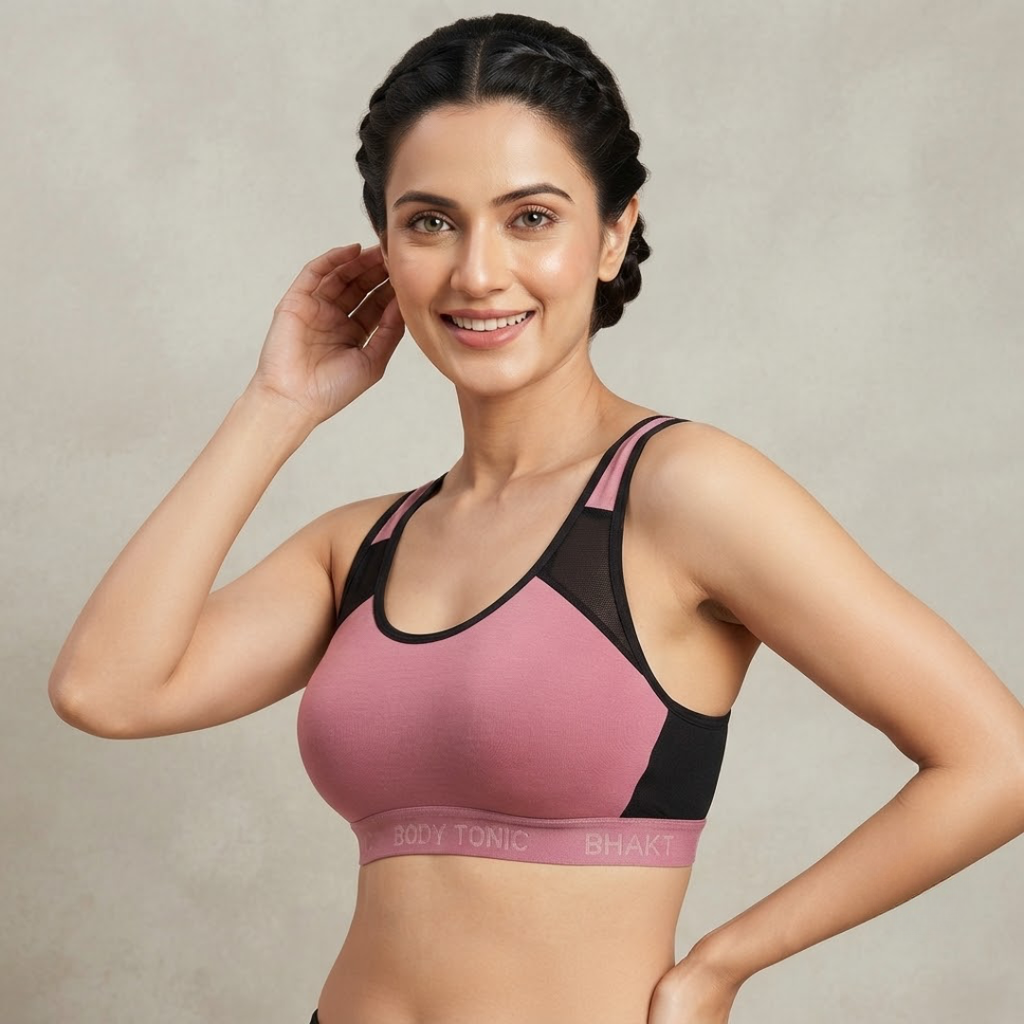 PAYTM Sports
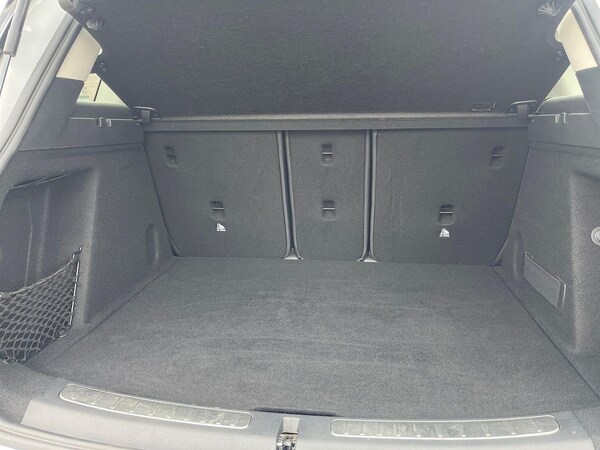 Used MINI Countryman 2020 for sale - 76342977: Photo 17
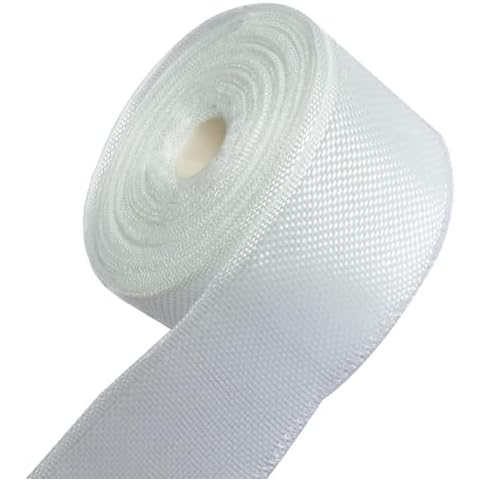 Ruban en Fibre de Verre HYRYC Cover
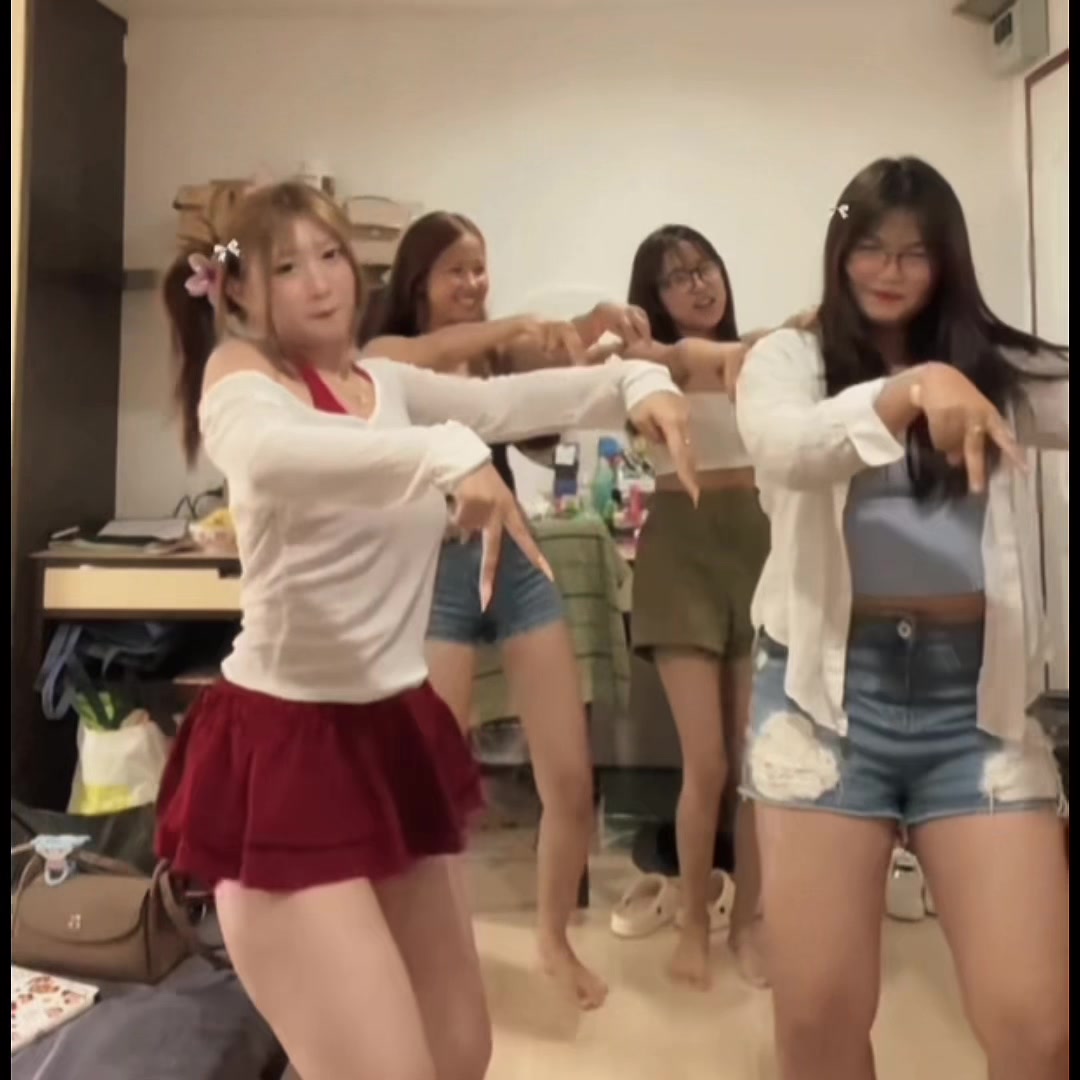 @❌YOONz🌸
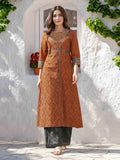 2-piece-lawn-suit--embroidered-(pret)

──────

* Your assignment *
Your copy should run from the line that has "Used MINI Countryman" through the last line above, exactly, with both ends in and pictures out.

* Solved exercise *
 Used MINI Countryman 2020 for sale - 76342977: Photo 17
 Ruban en Fibre de Verre HYRYC Cover
 @❌YOONz🌸
 2-piece-lawn-suit--embroidered-(pret)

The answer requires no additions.